La pirueta de madre es, ahora, complicada. Para ello habría que seguir casándose pronto. Si no es pasar por la vicaría, se acepta la emancipación, el irse a vivir juntos o uno «solico», que también se está bien. Es válida la independencia con perro incluido. Como esto no parece que vaya a mejorar (es más, tal vez empeore), se le antoja a uno imposible pensar que cuidaremos de madre más de lo que ella cuidó de nosotros. Más no. Ahora, algo sí, porque lo que sí camina con paso firme es la longevidad, la misma que vino a ver a madre de madre, hace ya casi treinta años.
¿Dónde están esas 1.597.299 personas? No frecuentan las redes sociales ni aparecen demasiado en la televisión. No son asiduas a los bares ni a las universidades, tampoco se prodigan en los supermercados. No trabajan, por lo que sus desplazamientos en metro, bus, moto o coche son esporádicos y, si exceptuamos los centros de salud, la plaza del pueblo o los hoteles en temporada baja, a este millón y medio largo sólo lo podemos encontrar en lo más íntimo de nuestras vidas que, por definición, lo mostramos más bien poco y, si decidimos compartirlo, será con ese alguien especial que no nos juzgará por ser humanos.
Madre de madre vivió veinte años en casa de madre, sin más obligaciones que disfrutar el sol del sur, acordarse de sus hijos y descansar de una vida dura, que por tener había tenido hasta posguerra. No era mujer de salir ni de ir a bares. Nunca mandó, ni quiso caprichos. Costó lo suyo desvestirla de ese luto que traen de serie las abuelas y no había mal que por bien no viniera. A madre de madre siempre la encontré en mi casa, dispuesta a quitar hierro al asunto de turno. No esperaría verla en el banco ni en la biblioteca de la facultad o en el pub, a la hora del café. El sabio de la tribu no tiene por costumbre moverse. No le es necesario.

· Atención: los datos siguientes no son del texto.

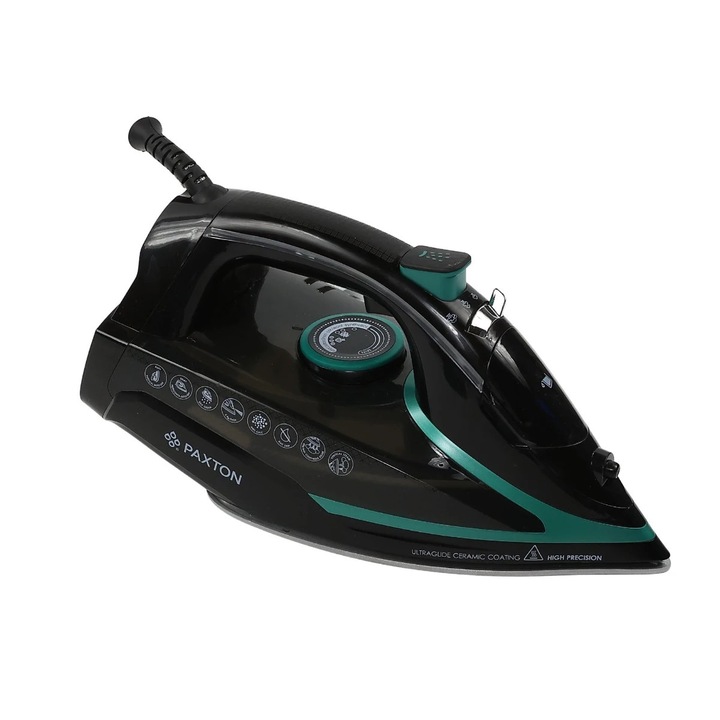 Fier de calcat, Paxton FC-3050C, 3050 W, talpa ceramica, 0.35 litri, 45 g/min, negru + turcoaz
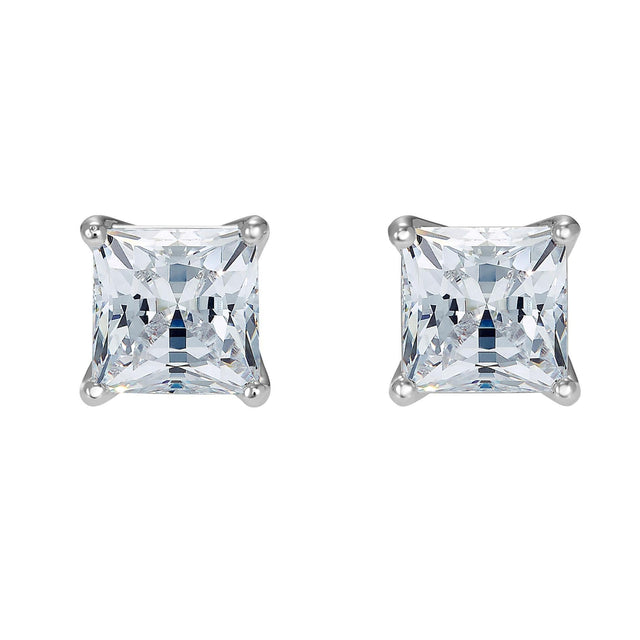 Swarovski Crystal Attract Clear Square Stud Earrings, Rhodium-Plated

Por qué no mostramos ese 1.597.299 tiene algunas explicaciones. No se enseñan las vergüenzas, sobre todo la que consiste en olvidar a quien daría la vida por nosotros. Pero hay razones mejores y más grandes. Las que crean los lugares comunes que nos definen como hijos: no se expone al público lo que se quiso mucho y se quiere aún más ahora, cuando se entienden las palabras y se valora el amor sin condiciones. Tendemos a preservar aquello que consideramos valioso, con un afán casi religioso, siendo innecesario mostrarlo. Los sabios no quieren publicidad, sino a su tribu. Por muchos años.